The Random One said:
I wish you were right and scientific progress was intrinsically connected to societal progress, but that's not the case. The nazis built the first rockets. And yes they wouldn't have gotten far because of their stupid idea of aryan sciences being better, but a world in which the dominating society is self-centered self-entitlement every scientific idea is eventually going to come to the mind of a guy of the proper race.
Plus the aliens might:
- Have some sort of ritualistic significance to attacking and destroying other races/inhabited planets.
- Be an extreme fringe group of a society that reached high tech levels through peaceful means.
- Simply fail to realize humans are sophont/sentient/alive and accidentally kill them.

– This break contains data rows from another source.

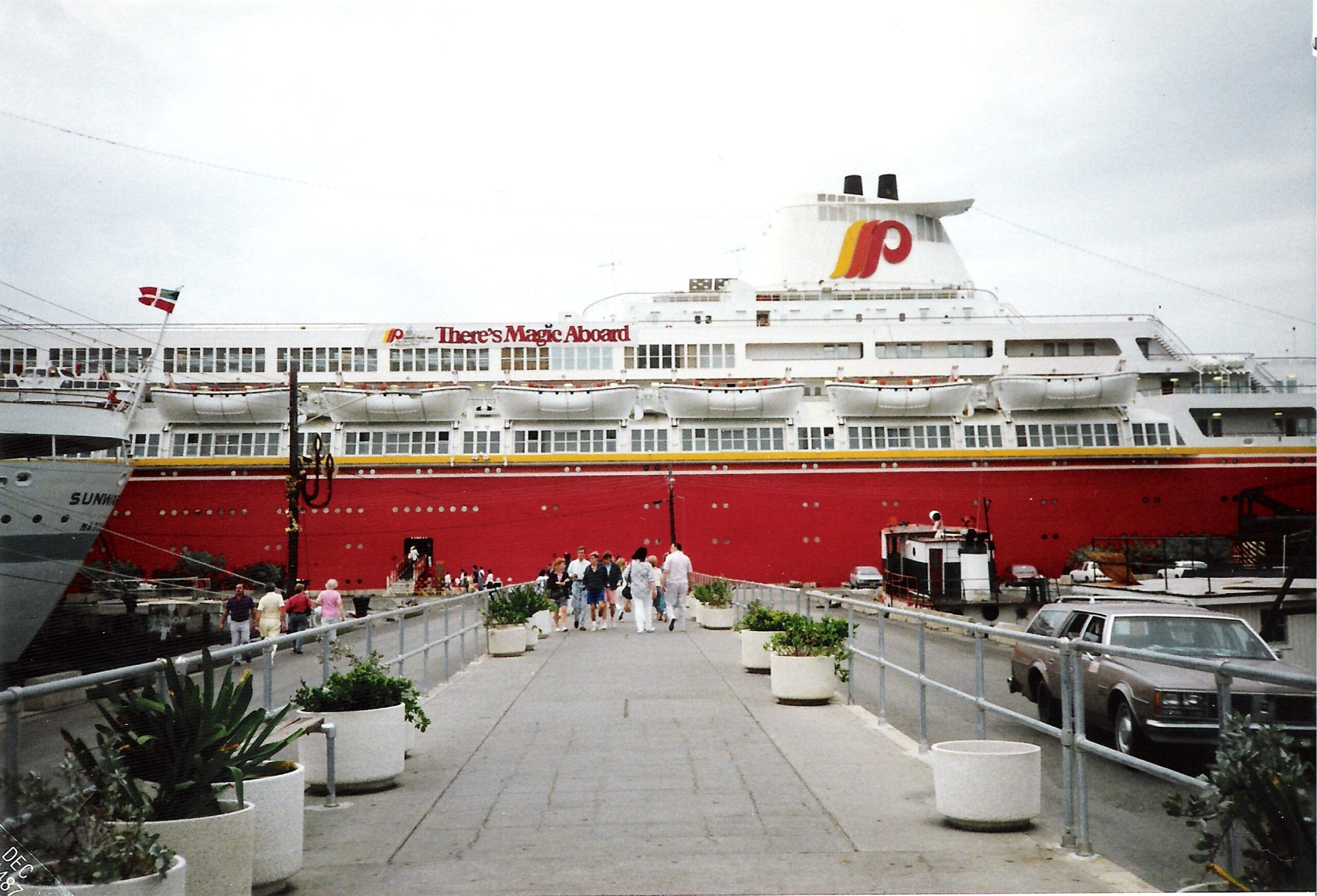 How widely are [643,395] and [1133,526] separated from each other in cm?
1958

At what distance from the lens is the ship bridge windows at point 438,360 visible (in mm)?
43562

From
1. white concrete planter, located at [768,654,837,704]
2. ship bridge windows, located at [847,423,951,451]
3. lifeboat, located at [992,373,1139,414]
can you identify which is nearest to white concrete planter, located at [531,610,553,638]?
white concrete planter, located at [768,654,837,704]

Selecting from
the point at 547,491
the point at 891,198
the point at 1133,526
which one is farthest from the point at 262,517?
the point at 1133,526

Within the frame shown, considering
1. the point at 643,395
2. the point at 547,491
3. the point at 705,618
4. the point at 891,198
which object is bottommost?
the point at 705,618

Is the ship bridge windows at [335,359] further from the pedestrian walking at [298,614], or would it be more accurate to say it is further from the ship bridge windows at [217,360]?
the pedestrian walking at [298,614]

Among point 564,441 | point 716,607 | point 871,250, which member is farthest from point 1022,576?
point 716,607

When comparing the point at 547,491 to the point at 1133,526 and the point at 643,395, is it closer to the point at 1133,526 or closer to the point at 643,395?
the point at 643,395

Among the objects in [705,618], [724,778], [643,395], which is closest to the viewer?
[724,778]

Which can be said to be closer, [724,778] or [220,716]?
[220,716]

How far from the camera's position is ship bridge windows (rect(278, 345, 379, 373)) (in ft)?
143

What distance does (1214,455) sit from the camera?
4238 centimetres

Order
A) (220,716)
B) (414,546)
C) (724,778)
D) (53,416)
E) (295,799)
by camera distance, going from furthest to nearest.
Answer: (414,546), (53,416), (724,778), (295,799), (220,716)

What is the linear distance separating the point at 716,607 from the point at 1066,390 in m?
24.4

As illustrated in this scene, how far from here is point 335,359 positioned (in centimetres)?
4375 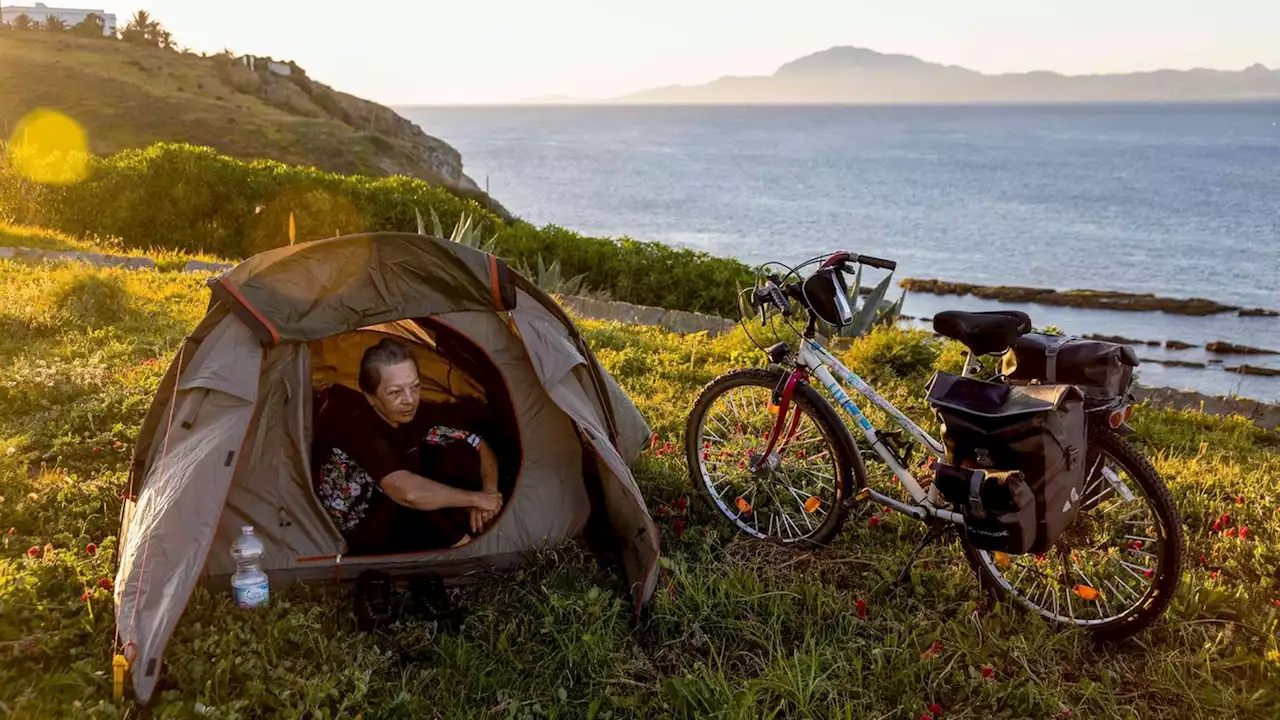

- Categorize humans as animals due to insanely high thresholds to be considered intelligent life in their culture, i.e. you must be able to build a Dyson sphere.
- Have no concept of death as a negative act in their culture, and kill humans as a way to inform us we are in their way.
- Destroying our world to make way for a transgalactic highway.
Etc, etc.
Unless you believe the military success of the fatherland would have brought about the end of all conflict then my point stands. Fascist regimes will propagate conflict and therefore prevent any ability to attain the planetary unity that will be necessary for proper space exploration to begin.
The initial cost of any serious intergalactic exploration will almost always be beyond the reach of any single power bloc on a resource barren planet and if resources are plentiful then why would a species be warlike?
As to you other points. I do not find that ritualistic and traditionalist behaviors correspond with any sort of scientific progress. Science is often about breaking free from old ways of thinking and these systems do not work well together.
Fringe groups all have the same problems as fascists. That was simply my catch-all for that group of aliens.
Not realizing we are life is highly probable and a good reason to invest time on speculating on the true nature of alien species so we don't make that mistake ourselves.
Classifying humans as animals wouldn't make them genocidal towards us would it? Unless I missed something.
I think it would be hard for any living creature to not have a negative concept of death. If we encountered a hive consciousness this could be a problem though. Killing a few million drones might be its idea of a gentle rebuke. Still I think most space fairing races will have an evolved sense of diplomacy and tact, my personal opinion though.
Finally: Space is big. You just won't believe how vastly, hugely, mind- bogglingly big it is. I mean, you may think it's a long way down the road to the chemist's, but that's just peanuts to space. The odds of their trans galactic bypass bisecting our insignificant little point of space strike me as infinitely improbable.